### Exercise description
What are the lines from the one containing "Apartment Palmeras Iii" through the last line of the records below? Return them exactly, leaving out pictures.

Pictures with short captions
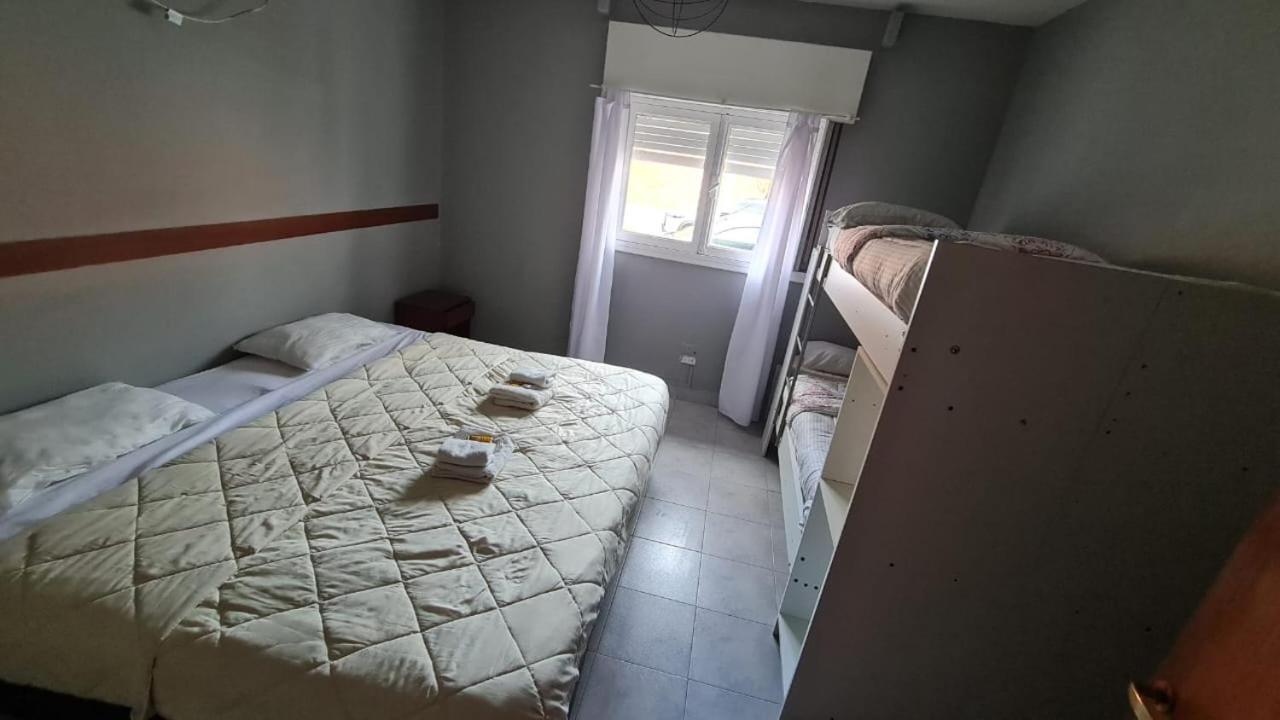 Club House Hotel General Roca Ngoại thất bức ảnh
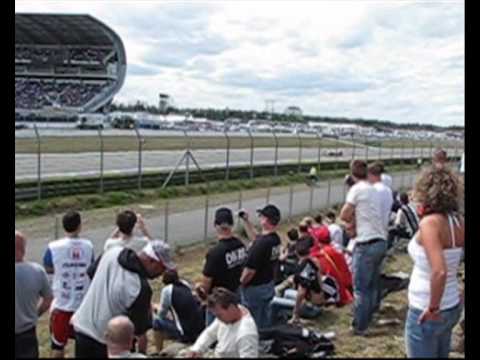 F1 Hockenheim ring 20-07-2008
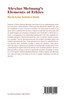 Alexius Meinong's Elements of Ethics
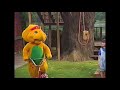 Barney S 1 2 3 4 Seasons Barney Friends Theme Song Version Disney Channel Intro Version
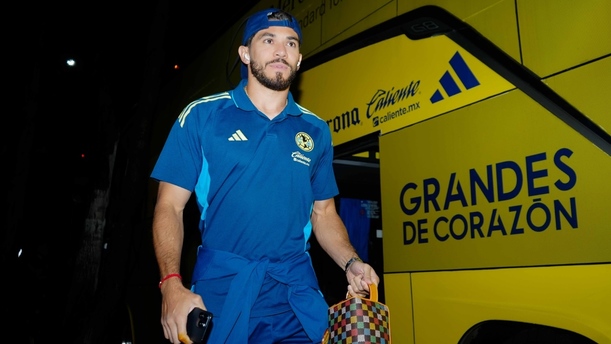 Henry Martín previo al Clásico Nacional (Imago7)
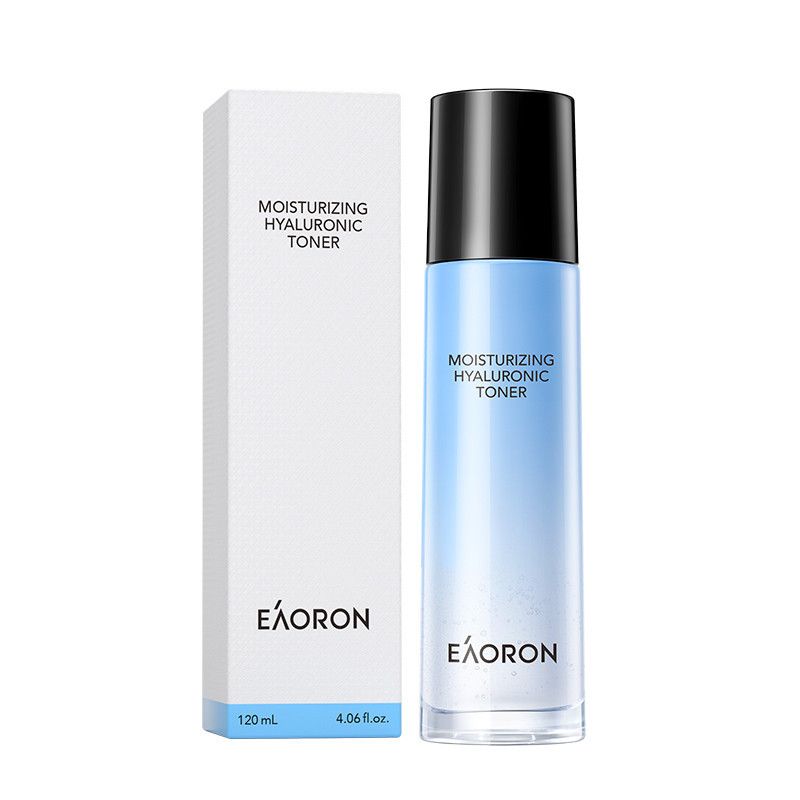 Nước hoa hồng cấp ẩm Eaoron-Moisturizing Hyaluronic Toner 120ml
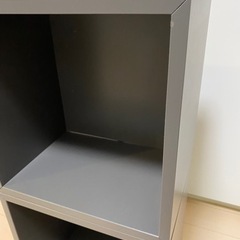 IKEA キャビネットボックス(エーケト) 2個の画像
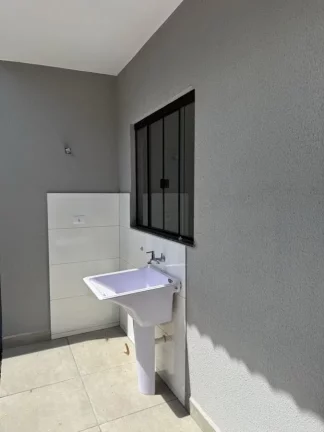 Imagem Casa Geminada para Venda em Sarandi, AURORA 2, 3 dormitórios, 1 banheiro, 1 vaga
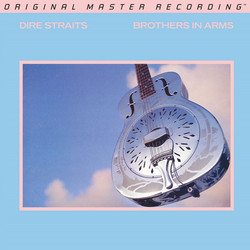 Dire Straits Brothers In Arms Vinyl 2 LP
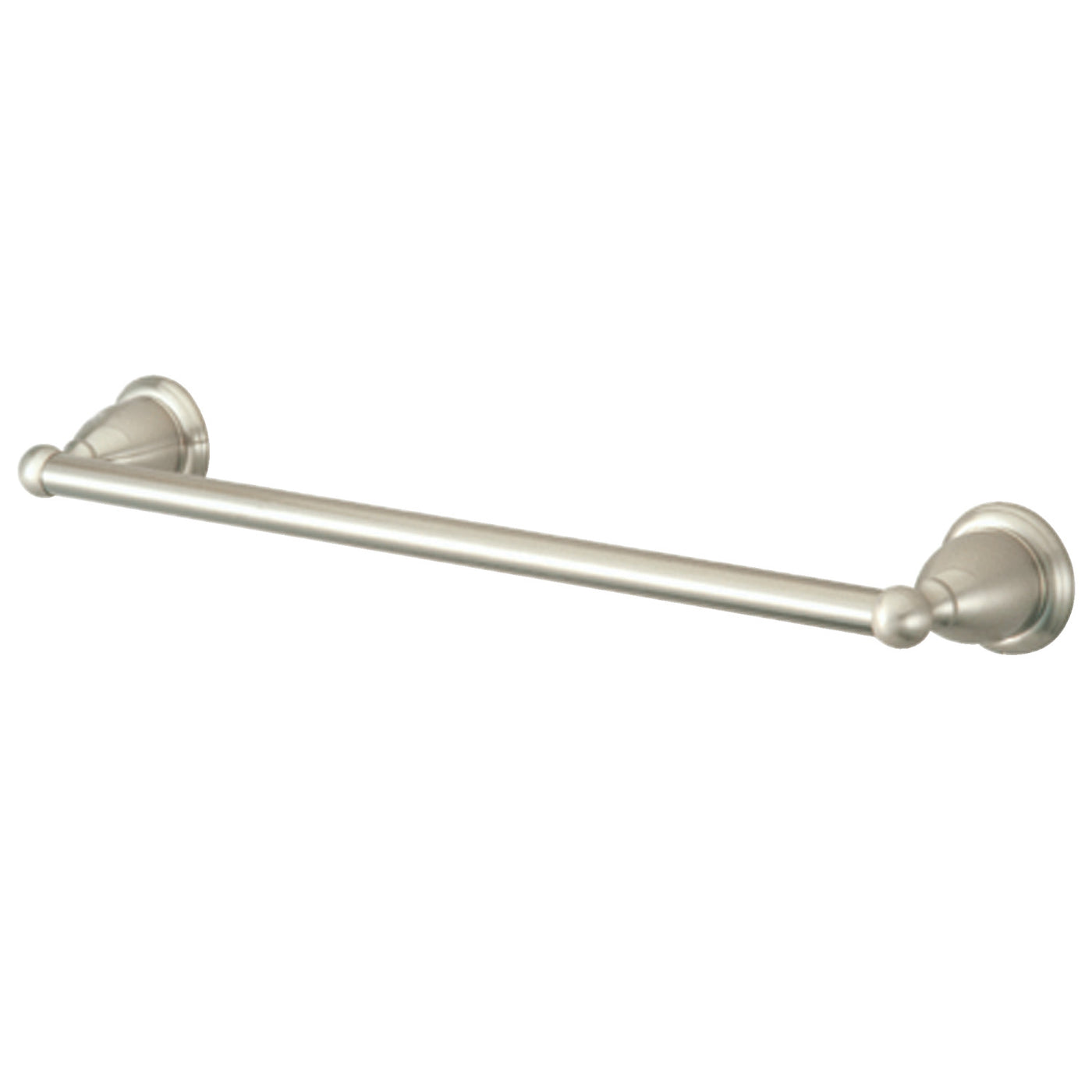 Elements of Design EBA1751SN 24-Inch Towel Bar, Brushed Nickel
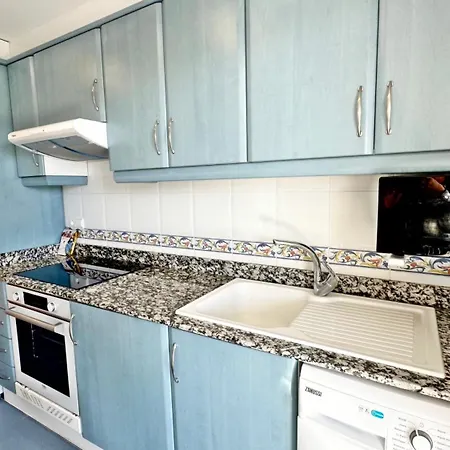 Apartment Palmeras Iii Gandia - Alquiler Solo Familias
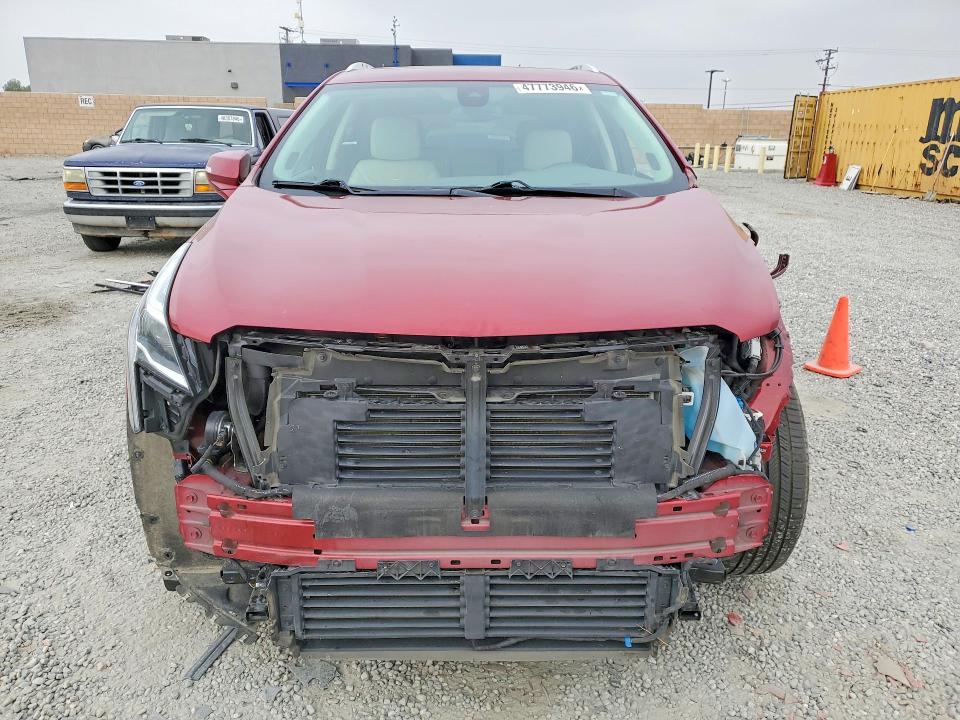 2023 Cadillac Xt5 მანქანა იყიდება აუქციონზე, vin: 1GYKNCR48PZ137267, აუქციონის ნომერი: 47773946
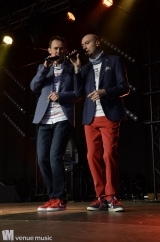 Wise Guys @Tanzbrunnen 2015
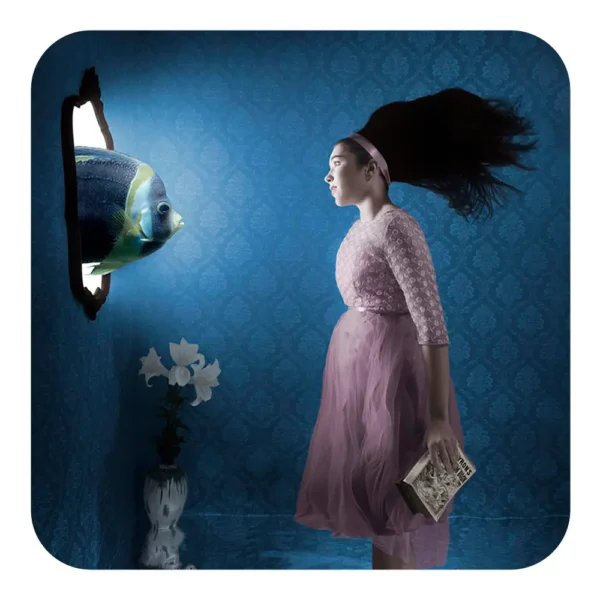 SOUS-VERRE / MAGNET - JUST LIKE A DREAM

### Written answer
 Apartment Palmeras Iii Gandia - Alquiler Solo Familias
 2023 Cadillac Xt5 მანქანა იყიდება აუქციონზე, vin: 1GYKNCR48PZ137267, აუქციონის ნომერი: 47773946
 Wise Guys @Tanzbrunnen 2015
 SOUS-VERRE / MAGNET - JUST LIKE A DREAM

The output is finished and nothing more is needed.